A shared task is organized together with the workshop. This will be the first evaluation exercise on the identification of comparable texts: given a large multilingual collection of texts (we will be using Wikipedia documents in several languages), the task is to identify the most similar texts across languages. Evaluation will be done by measuring precision, recall and F-measure on links between pages, with a gold standard based on actual inter-language links.

Task description

Parallel corpora of original texts with their translations provide the basis for multilingual NLP applications since the beginning of the 1990s. Relative scarcity of such resources led to greater attention to comparable (=less parallel) resources to mine information about possible translations. Many studies have been produced within the paradigm of comparable corpora, including publications in the BUCC workshop series since 2008, see bucc-introduction.html.
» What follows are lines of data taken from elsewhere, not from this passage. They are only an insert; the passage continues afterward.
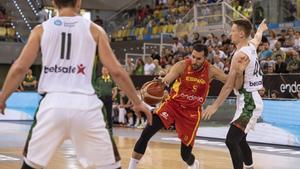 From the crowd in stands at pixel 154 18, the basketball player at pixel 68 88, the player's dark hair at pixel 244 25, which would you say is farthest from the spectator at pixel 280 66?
the basketball player at pixel 68 88

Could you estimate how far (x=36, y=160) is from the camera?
4.20 m

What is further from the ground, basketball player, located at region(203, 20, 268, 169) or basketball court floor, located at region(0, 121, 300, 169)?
basketball player, located at region(203, 20, 268, 169)

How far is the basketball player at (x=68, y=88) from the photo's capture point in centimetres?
418

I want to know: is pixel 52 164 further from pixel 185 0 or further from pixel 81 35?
pixel 185 0

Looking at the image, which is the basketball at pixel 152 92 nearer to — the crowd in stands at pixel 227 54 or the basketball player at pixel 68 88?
the crowd in stands at pixel 227 54

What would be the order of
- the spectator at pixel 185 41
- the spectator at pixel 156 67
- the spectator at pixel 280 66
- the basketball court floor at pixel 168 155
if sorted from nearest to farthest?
the basketball court floor at pixel 168 155 < the spectator at pixel 280 66 < the spectator at pixel 156 67 < the spectator at pixel 185 41

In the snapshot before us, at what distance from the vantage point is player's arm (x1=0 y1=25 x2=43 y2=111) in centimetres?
426

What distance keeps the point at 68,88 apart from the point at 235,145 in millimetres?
3040

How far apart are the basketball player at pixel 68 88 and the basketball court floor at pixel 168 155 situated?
4.67 m

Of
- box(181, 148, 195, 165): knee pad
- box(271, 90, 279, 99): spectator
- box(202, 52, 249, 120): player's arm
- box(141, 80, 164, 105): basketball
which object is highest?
box(202, 52, 249, 120): player's arm

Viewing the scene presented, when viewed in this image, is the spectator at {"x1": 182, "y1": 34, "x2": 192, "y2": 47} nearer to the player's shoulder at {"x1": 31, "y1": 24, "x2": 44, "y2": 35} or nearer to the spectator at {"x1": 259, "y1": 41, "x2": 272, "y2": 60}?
the spectator at {"x1": 259, "y1": 41, "x2": 272, "y2": 60}

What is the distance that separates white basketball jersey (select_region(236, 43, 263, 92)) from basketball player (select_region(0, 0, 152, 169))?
2843 mm

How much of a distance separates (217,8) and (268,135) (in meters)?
9.88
However, the community so far has not conducted an evaluation which compared different approaches for identifying more or less parallel resources in a large amount of multilingual data. Also, it is not clear how language-specific such approaches are. In this shared task we propose the first evaluation exercise, which is aimed at detecting the most similar texts in a large collection.

Data set

The data for each language pair has been split into two sets:

Training set
pages with information about the correct links for the respective language pairs;
Test set
pages without the links.

The task is for each page in the test set to submit up to five ranked suggestions to its linked page, assuming that the gold standard contains its counterpart in another language. The submissions will have to be in the tab-separated format as used in the submissions to TREC with six fields:
id1 X id2 Y score run.name

The X and Y fields are not used, but they are reserved by the TREC evaluation script (and it does not use them either). Please keep them with constant values X and Y. id1 and id2 are the articles ids in a language of evaluation and in English. The score should reflect the similarity between id1 and id2, the higher the closer. The participants are invited to submit up to five runs of their system with different parameters, as identified by a keyword in the last field. This field should include the name of the team and an identifier for the run, e.g., Leeds.run1, or LIMSI.BM25. For the evaluation script and for more information about the format, please visit: http://trec.nist.gov/trec_eval/

The languages in the shared task will be Chinese, French, German, Russian and Turkish. Pages in these languages need to be linked to a page in English.

Submission procedure

Please register by sending a message to shared.bucc2015@gmail.com and giving the name of the contact person, and the language pairs you’d like to work on.

In response you will receive links to the training sets and the scoring script.


1 February 2015 Training set available
20 April 2015 Test set available
24 April 2015 Test submission deadline
1 May 2015 System results to participants
15 May 2015 Paper submission deadline
4 June 2015 Notification of acceptance
21 June 2015 Camera-ready papers due
30 July 2015 Workshop date